A research team from Xi'an Jiaotong University (XJTU), led by Professors Wu Ge and Shan Zhiwei from the State Key Laboratory for Mechanical Behavior of Materials and CAMP-Nano, designed an innovative nanostructure that combines short-range ordered (SRO) interfaces with supra-nano precipitates, thus addressing the difficulty of maintaining strain-hardening capacity and improving uniform elongation in ultra-strong alloys with tensile strength exceeding 2.5 GPa.

The research was published in Science under the title "Ductilization of 2.6-GPa alloys via short-range ordered interfaces and supra-nano precipitates", with Wu Ge as the corresponding author of the paper, XJTU PhD student Yan Yongqiang as the first author, and research assistant Cha Wenhao as a co-first author of the paper.

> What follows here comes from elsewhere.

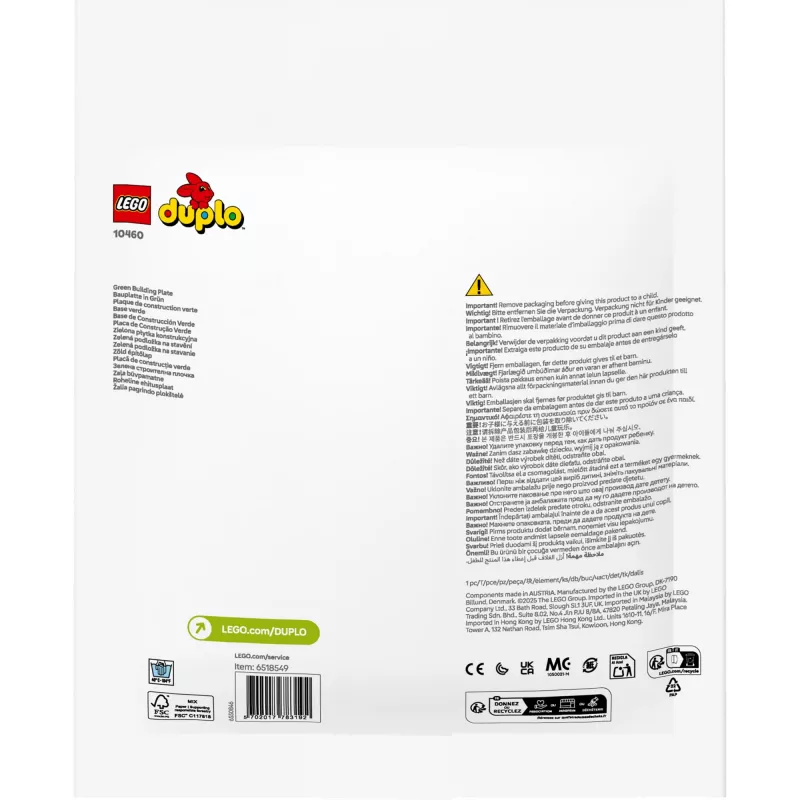 LEGO DUPLO 10460 Grüne Bauplatte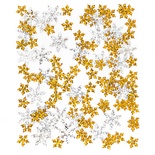 Паєтки Snowflakes сніжинки, 15, TM dpCraft (Dalprint)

The achievement is the result of collaboration between Academician Lyu Jian from City University of Hong Kong and Professors Liu Chang and Liu Sida from XJTU.

The concept of supra-nano was introduced by Wu Ge and Lyu Jian in a joint paper published in Nature, referring to structural features smaller than 10 nanometers. 

Their study introduces a novel design that combines SRO near grain boundaries and supra-nano precipitates inside FCC grains to enhance both strength and ductility in alloys. By aggregating SRO near grain boundaries, the alloy achieves a significant increase in yield strength (2.2 GPa) and prevents interface cracking. The supra-nano precipitate phase (S-L1₂) inside the grains strengthens the alloy by pinning dislocations, improving strain-hardening capacity. 

This combined approach leads to an alloy with a tensile strength of 2.6 GPa and 10 percent uniform elongation, marking a breakthrough in the quest to achieve ultra-high strength and excellent ductility.